(Beginning of Stored data)

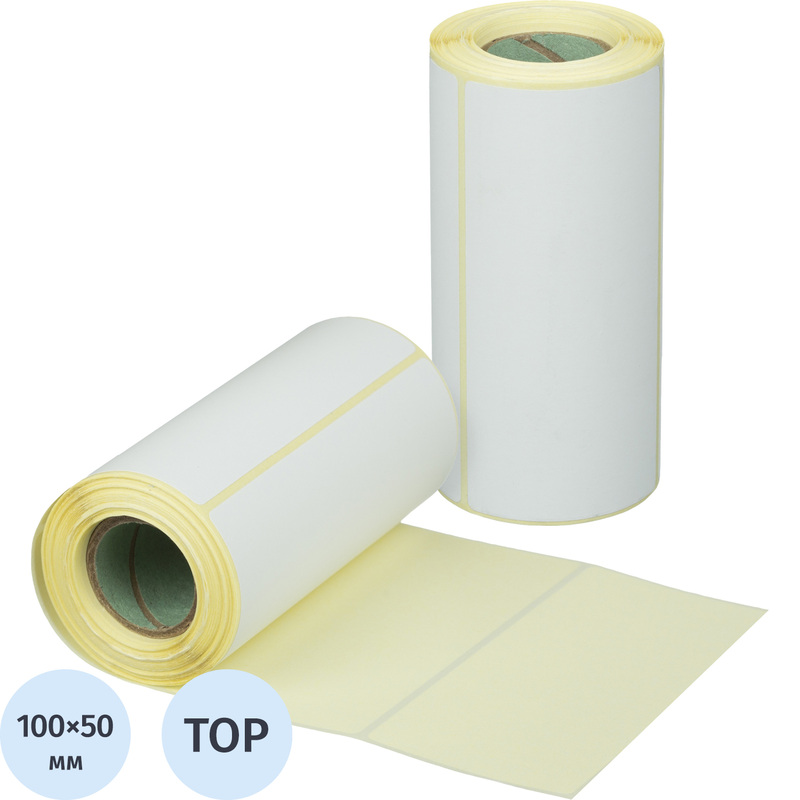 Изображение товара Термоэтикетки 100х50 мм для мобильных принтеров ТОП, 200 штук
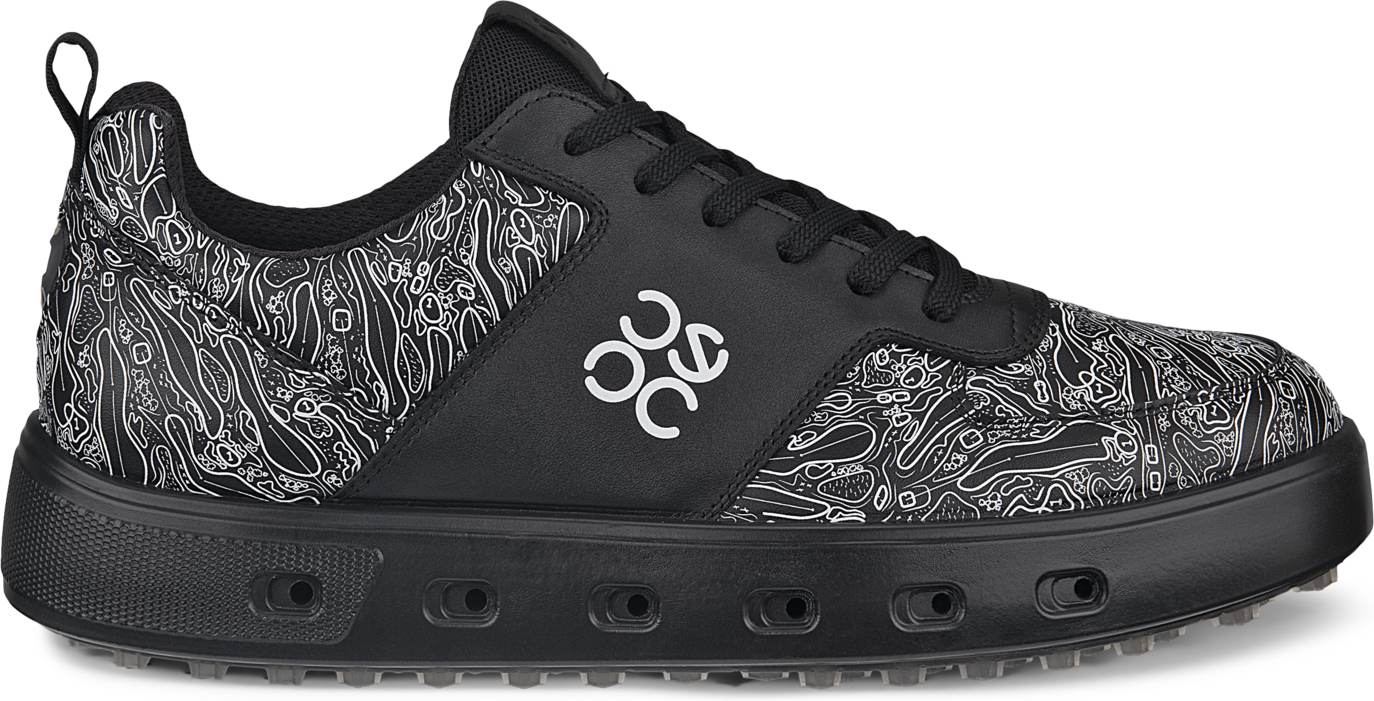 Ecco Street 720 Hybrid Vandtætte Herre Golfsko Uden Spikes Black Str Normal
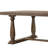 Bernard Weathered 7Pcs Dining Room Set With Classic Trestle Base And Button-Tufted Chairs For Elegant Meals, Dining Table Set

(End of Stored data)

* [Brief] Please reproduce only the lines from the one holding "Ecco Street 720" through the final line of the listing above, both included, with each picture left out.

* [Written answer]
 Ecco Street 720 Hybrid Vandtætte Herre Golfsko Uden Spikes Black Str Normal
 Bernard Weathered 7Pcs Dining Room Set With Classic Trestle Base And Button-Tufted Chairs For Elegant Meals, Dining Table Set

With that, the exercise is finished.